Five Ways to Save Energy in Breaststroke and Butterfly
by Terry Laughlin

Posted on May 30th, 2010

On the TI Discussion Forum, someone asked if Breaststroke is really easier to swim than Butterfly. Most people think it is. He felt as if the energy cost was higher in Breaststroke.

Energy cost really depends on how you swim – either stroke. Energy cost will be lowest in both strokes when you do the following:

1) Focus more on streamlining than propelling. In both strokes, the typical swimmer gives most of his attention to pulling and kicking. Instead, think mainly about doing what it takes to put your body in a streamlined position at the conclusion of each stroke. “Streamlined” means elongated and sleek, with head hanging between shoulders.
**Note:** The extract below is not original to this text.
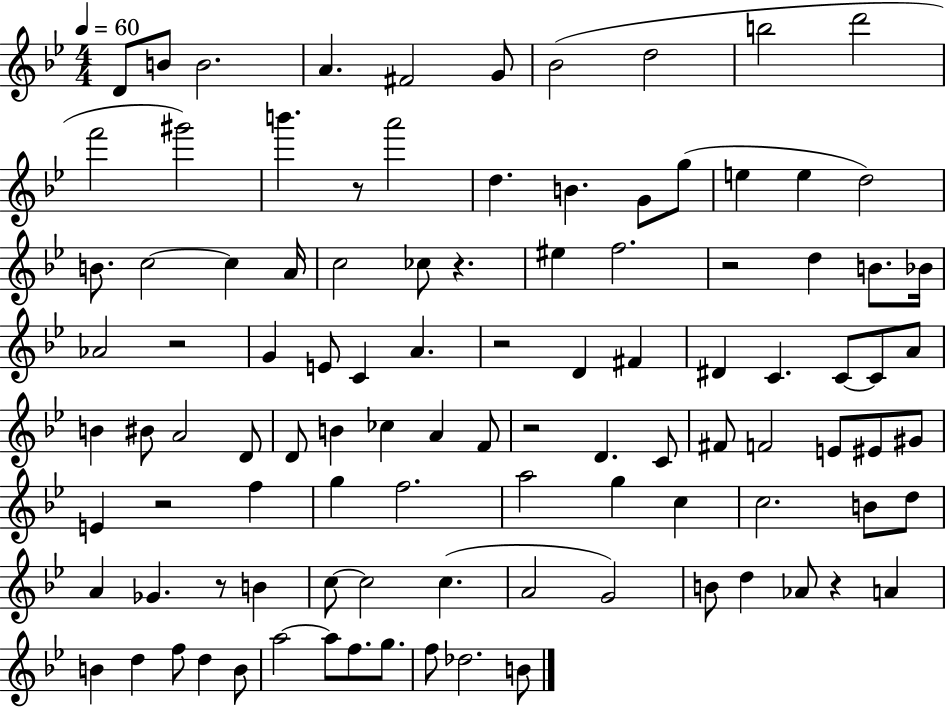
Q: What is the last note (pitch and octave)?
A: B4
2) Spend more time in that streamlined position, most of it below the surface. Spend less time in any non-streamlined position. We’re talking about nanosecond adjustments here, but small changes in timing make a big difference.

3) While you focus on holding a streamlined position, let gravity take you down . . . until you feel buoyancy has become the stronger force. Let buoyancy return you to the surface. This is far more economical than diving-and-climbing.
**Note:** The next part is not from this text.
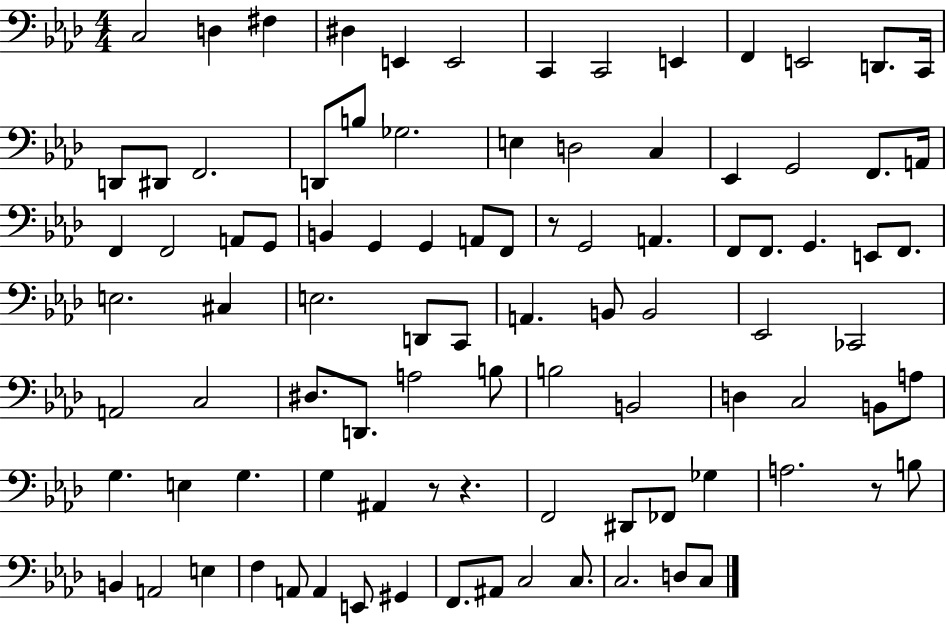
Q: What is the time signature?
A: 4/4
4) Start the next stroke just as you feel buoyancy – working mainly without much help from you – is about to take you back through the surface. Do just enoughwith your hands to help your head clear the surface for a breath.

5) About that breath: Keep your head as stable and neutral as possible – and your chin in the water – as you breathe.

Related resources:
Find considerable detail and step-by-step suggestions for building skill, speed and endurance (i.e. the distance you can swim WITHOUT fatigue) in the book Extraordinary Swimming.
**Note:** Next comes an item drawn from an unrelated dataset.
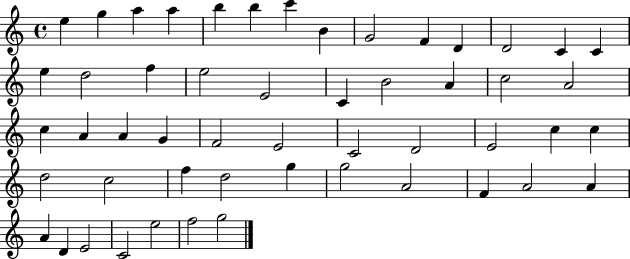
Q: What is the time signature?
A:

For visual learning aids, there are the DVDs BetterFlyfor Every Body and Breaststroke for Every Body.

2 Responses to “Five Ways to Save Energy in Breaststroke and Butterfly”

  1. POLI says:

    I am glad and proud that I have been doing this for the entire winter.
    Due to a back injury, I have been forced (and I still am) to swim in different styles other than crowl. I have improved much in my breakstoke by just doing all you are explaining here.
    I try to spent more and more time in that elongated position and it is amazing how you can keep improving that position every day. The less we offer places of friction, the longer we can slide under the water with less effort in every stroke.

  2. carter bauer says:

    what I have learn is on fly put your head in the water before you bring your arms around. Allows for you not to get tried has fast and focus on using your abs. Over using your back muscles.